Segment Start: DATASET EXTRACT

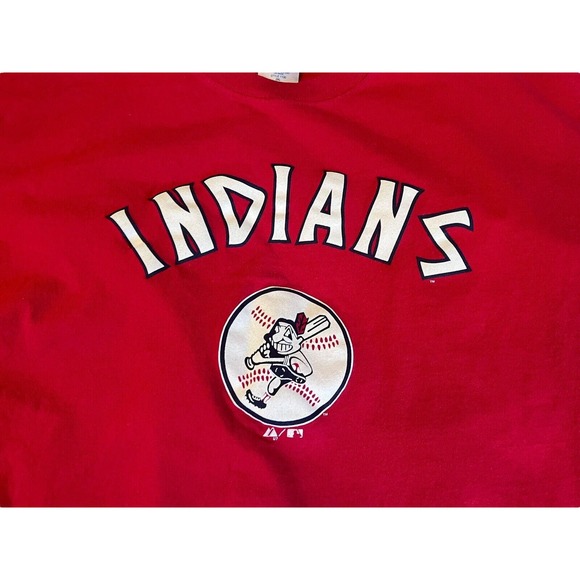 Vintage Cleveland Indians T Shirt Cooperstown Collection Men 2XL Majestic MLB - Picture 4 of 7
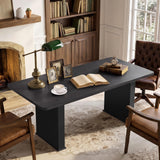 LEYAOYAO Extendable Dining Table for 4-6,63"–79" with Fluted Base(Black)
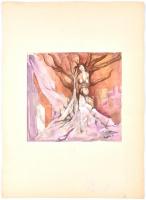Raffael jelzéssel: Szürreális akt. Akvarell, papír, paszpartuban. 27,5×29 cm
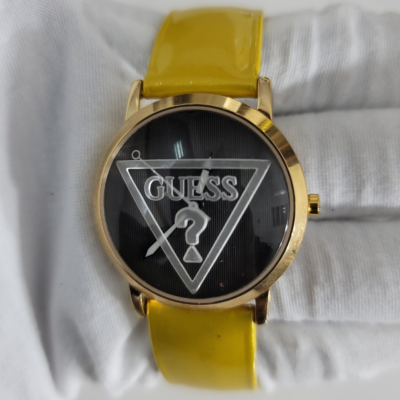 Guess Gold Tone Dial Yellow Leather Stripes Ladies Wristwatch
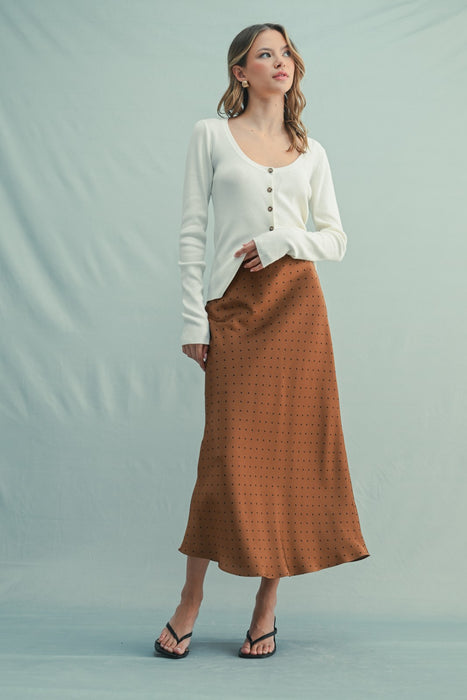 Polka Dot Satin Midi Skirt - Chocolate & Black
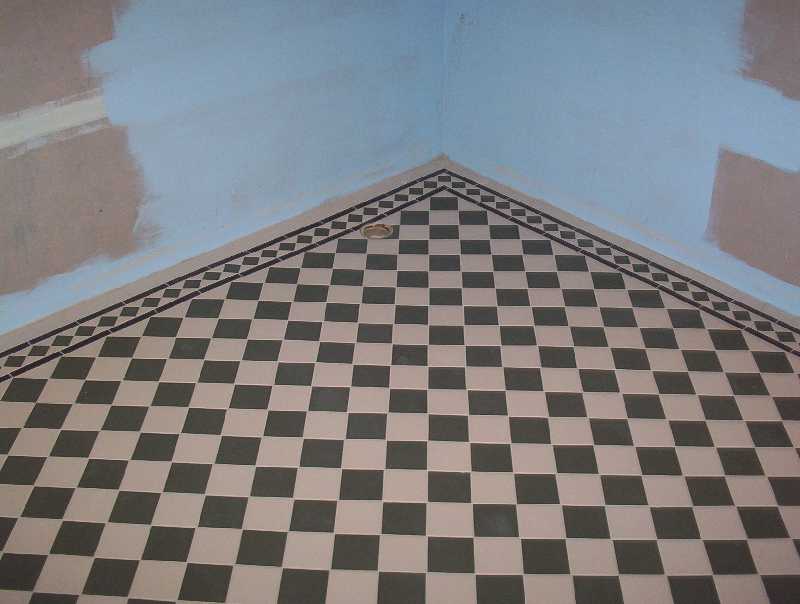 The Green Diamond bathroom tiles.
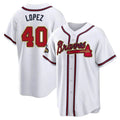 Pouc A.Braves #40 Reynaldo Lopez player White&Gold Replica Program Stitched Jerseys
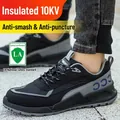 Zapatos de seguridad aislados 10kV para hombres con puntera de acero y antipinchazos - 36 / Estilo Negro Aislado 10kV Anti-Aplastamiento y Anti-Perforación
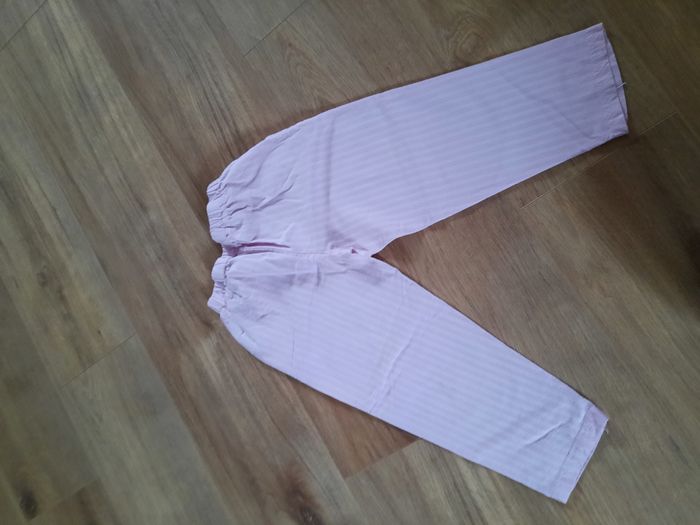 Pantalon/bas de pyjama fille rayé rose et blanc TAO 4 ans - photo numéro 3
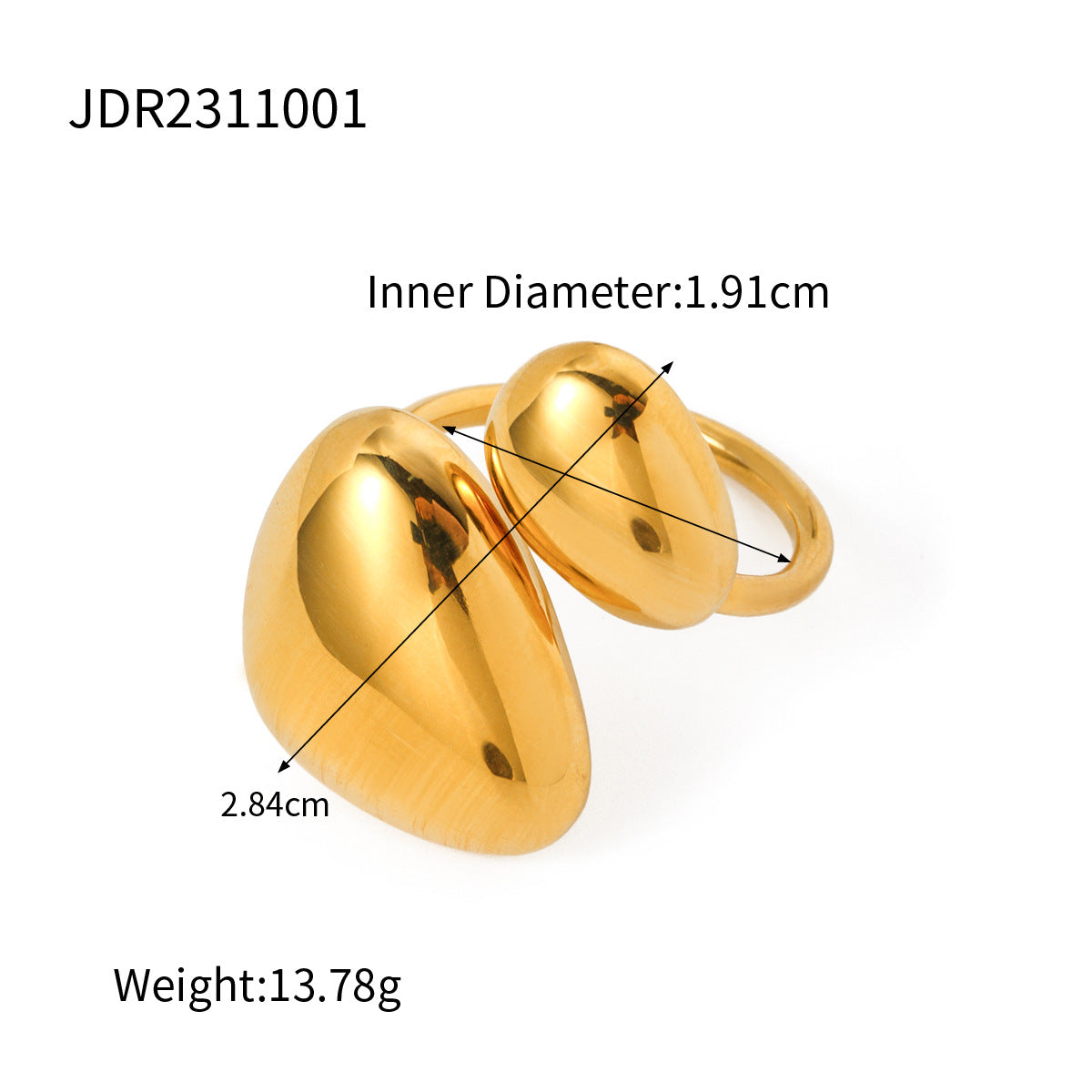 Wholesale 18K gold stainless steel chubby oval ring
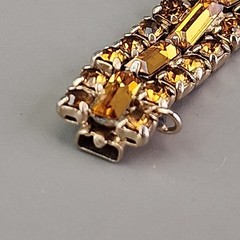 Vintage Rhinestone Bracelet Orange Glass Tennis Safety Chain Gold Tone 6.5″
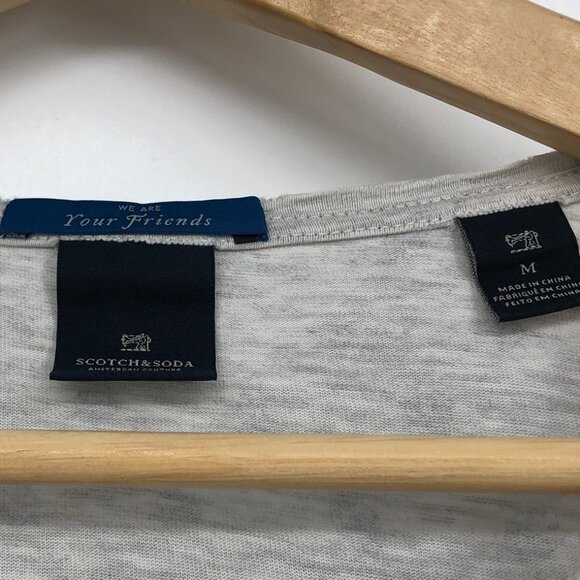 Scotch and Soda light grey palm leaf novelty all over print scoop neck T-shirt M - Picture 4 of 12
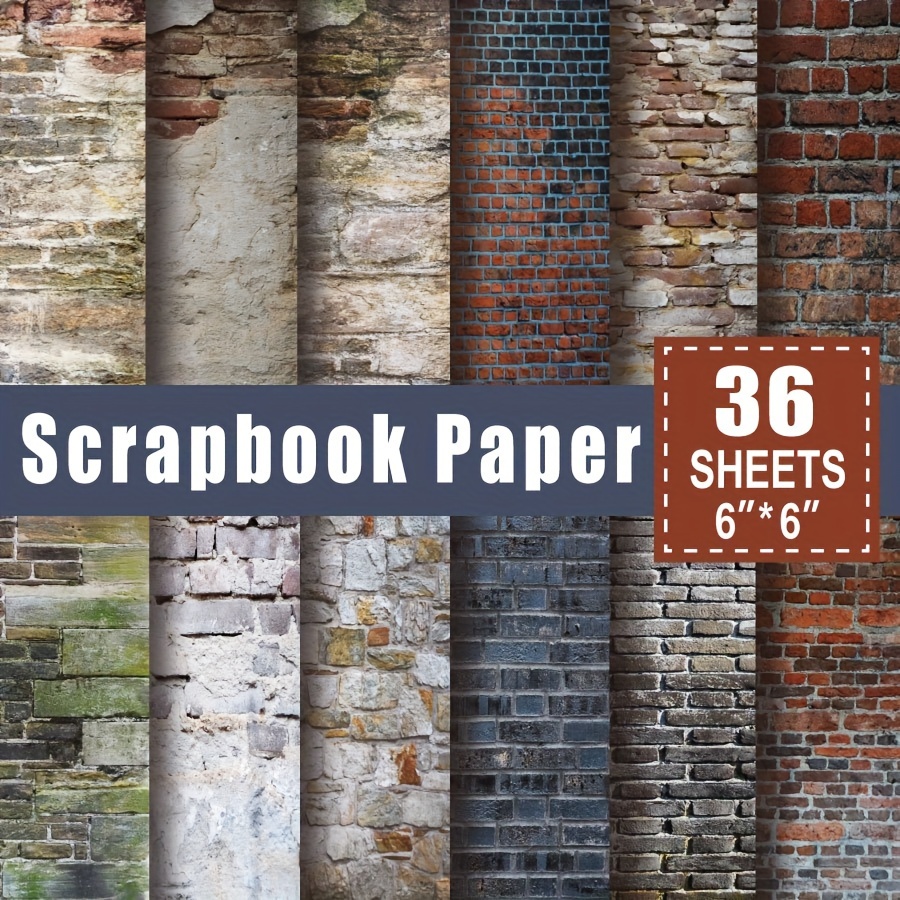 

36 Sheets Scrapbook Paper Pad In 6*6", Art Craft Pattern Paper For Scrapingbook Craft Cardstock Paper, Diy Decorative Background Card Making Supplies Shabby Bricks
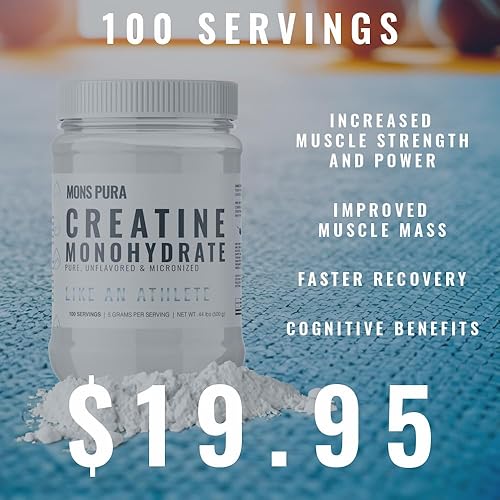 Miniatura 5 de Monohidrato de creatina en polvo 100% puro  17.64 oz  Micronizado, sin sabor  Crecimiento muscular, fuerza y resistencia  Ideal para atletas,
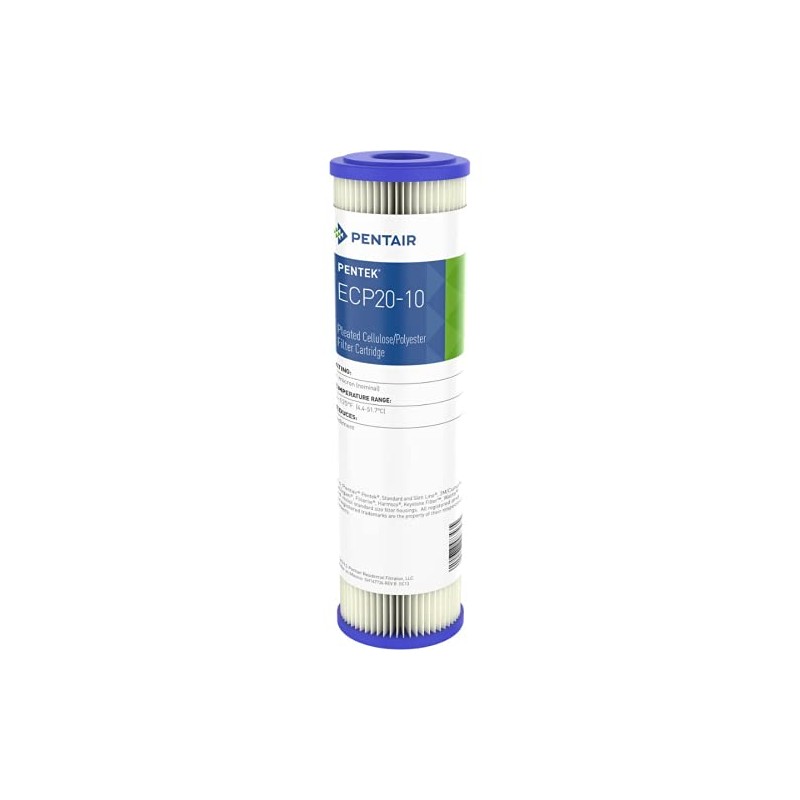 Pentair Pentek ECP20-10 Sediment Water Filter, 10-Inch, Under Sink Pleated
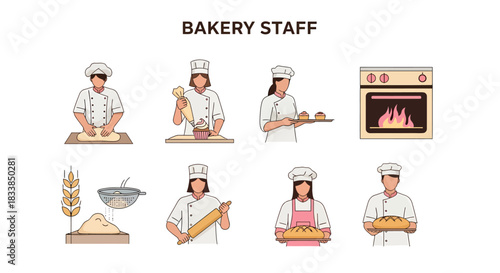 Illustration set of bakery staff performing tasks including baking and decorating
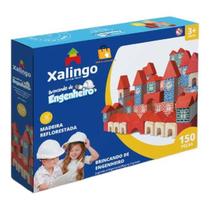 Brinquedo em madeira blocos Brincando de Engenheiro 150 peças - Xalingo Brinquedo em madeira blocos Brincando de Engenheiro 150 peças - Xalingo
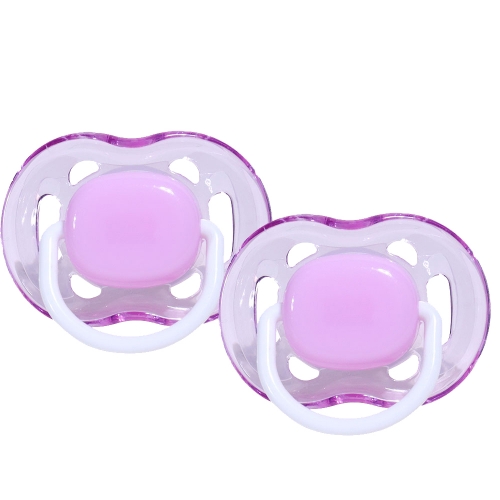 MICLUK Soft Natural Pacifiers for Babies Food-grade Silicone Pacifiers for Baby Boys Girls 0-12 Months, BPA-free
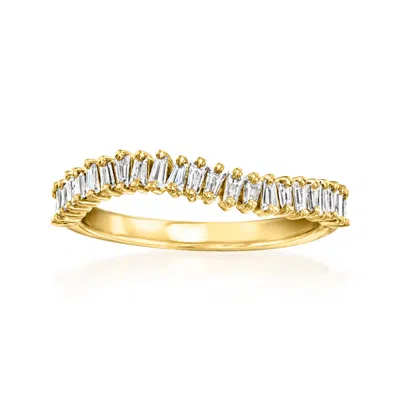 Rs Pure By Ross-simons Baguette Lab-grown Diamond Wavy Ring In 18kt Gold Over Sterling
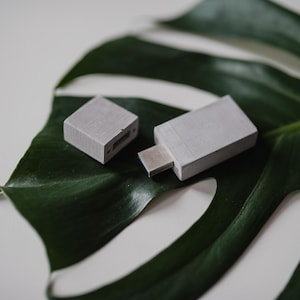 May include: A gray concrete USB drive with a silver connector, resting on a green leaf.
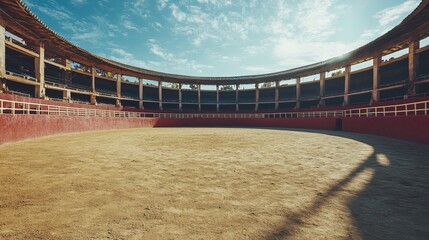Empty round bullfight arena in Spain. Spanish bullring for traditional performance of bullfight. 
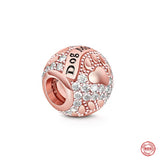 Rose Family Infinity Pink Heart Charm Beads Necklace 925 Silver Pendant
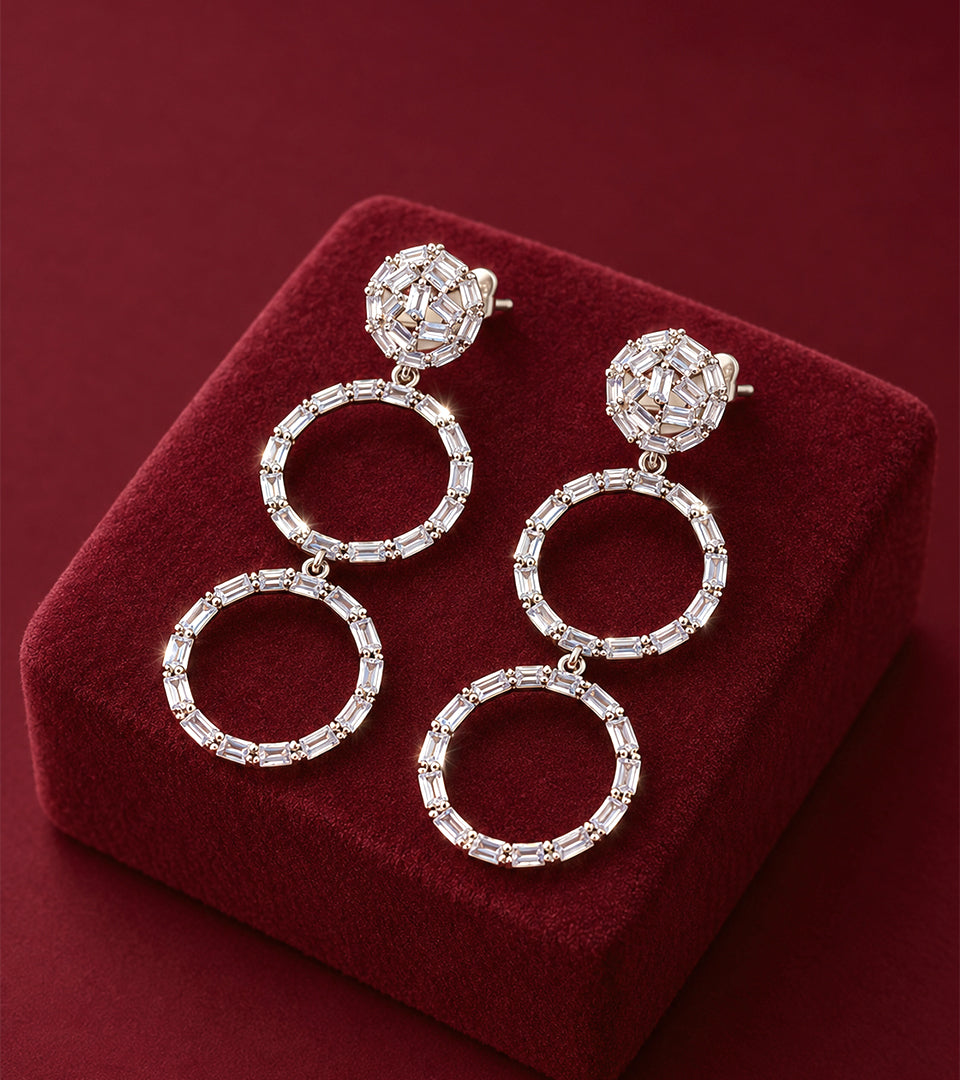 Silver Double Circle | Brass & Silver Plated | Baguette Drop Earrings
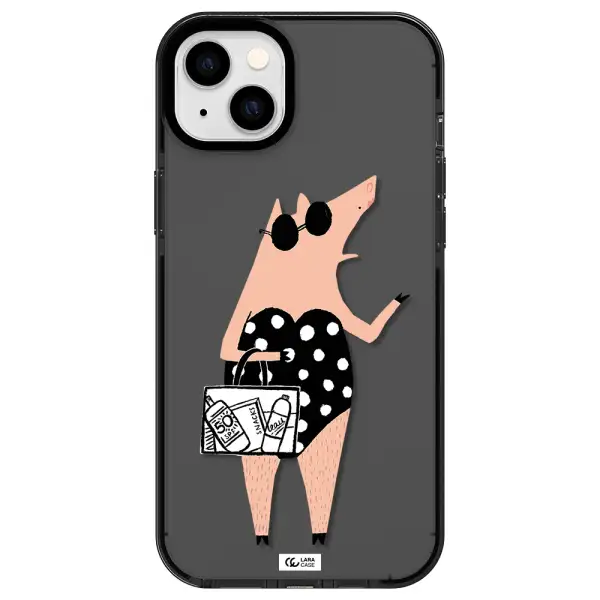 Lady Pig Apple iPhone 14 plus impact Smoke Black Case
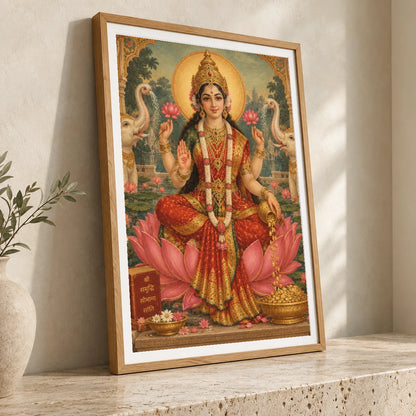 Mahalakshmi In A Lotus Temple Pond — Ganesha ganesha print by SaamCrafts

Segment End: DATASET EXTRACT

**EXERCISE GOAL:**
Omit the images and transcribe all of the records above word for word.

**YOUR RESPONSE:**
 Vintage Cleveland Indians T Shirt Cooperstown Collection Men 2XL Majestic MLB - Picture 4 of 7
 LEYAOYAO Extendable Dining Table for 4-6,63"–79" with Fluted Base(Black)
Raffael jelzéssel: Szürreális akt. Akvarell, papír, paszpartuban. 27,5×29 cm
 Guess Gold Tone Dial Yellow Leather Stripes Ladies Wristwatch
 Polka Dot Satin Midi Skirt - Chocolate & Black
 The Green Diamond bathroom tiles.
 Pouc A.Braves #40 Reynaldo Lopez player White&Gold Replica Program Stitched Jerseys
 Zapatos de seguridad aislados 10kV para hombres con puntera de acero y antipinchazos - 36 / Estilo Negro Aislado 10kV Anti-Aplastamiento y Anti-Perforación
 Pantalon/bas de pyjama fille rayé rose et blanc TAO 4 ans - photo numéro 3
 Wholesale 18K gold stainless steel chubby oval ring
 Vintage Rhinestone Bracelet Orange Glass Tennis Safety Chain Gold Tone 6.5″
 Scotch and Soda light grey palm leaf novelty all over print scoop neck T-shirt M - Picture 4 of 12

36 Sheets Scrapbook Paper Pad In 6*6", Art Craft Pattern Paper For Scrapingbook Craft Cardstock Paper, Diy Decorative Background Card Making Supplies Shabby Bricks
 Miniatura 5 de Monohidrato de creatina en polvo 100% puro  17.64 oz  Micronizado, sin sabor  Crecimiento muscular, fuerza y resistencia  Ideal para atletas,
 Pentair Pentek ECP20-10 Sediment Water Filter, 10-Inch, Under Sink Pleated
 Illustration set of bakery staff performing tasks including baking and decorating
 Brinquedo em madeira blocos Brincando de Engenheiro 150 peças - Xalingo Brinquedo em madeira blocos Brincando de Engenheiro 150 peças - Xalingo
 MICLUK Soft Natural Pacifiers for Babies Food-grade Silicone Pacifiers for Baby Boys Girls 0-12 Months, BPA-free
 Rs Pure By Ross-simons Baguette Lab-grown Diamond Wavy Ring In 18kt Gold Over Sterling
 May include: A gray concrete USB drive with a silver connector, resting on a green leaf.
Empty round bullfight arena in Spain. Spanish bullring for traditional performance of bullfight. 
 Rose Family Infinity Pink Heart Charm Beads Necklace 925 Silver Pendant
 Silver Double Circle | Brass & Silver Plated | Baguette Drop Earrings
 Lady Pig Apple iPhone 14 plus impact Smoke Black Case
 Mahalakshmi In A Lotus Temple Pond — Ganesha ganesha print by SaamCrafts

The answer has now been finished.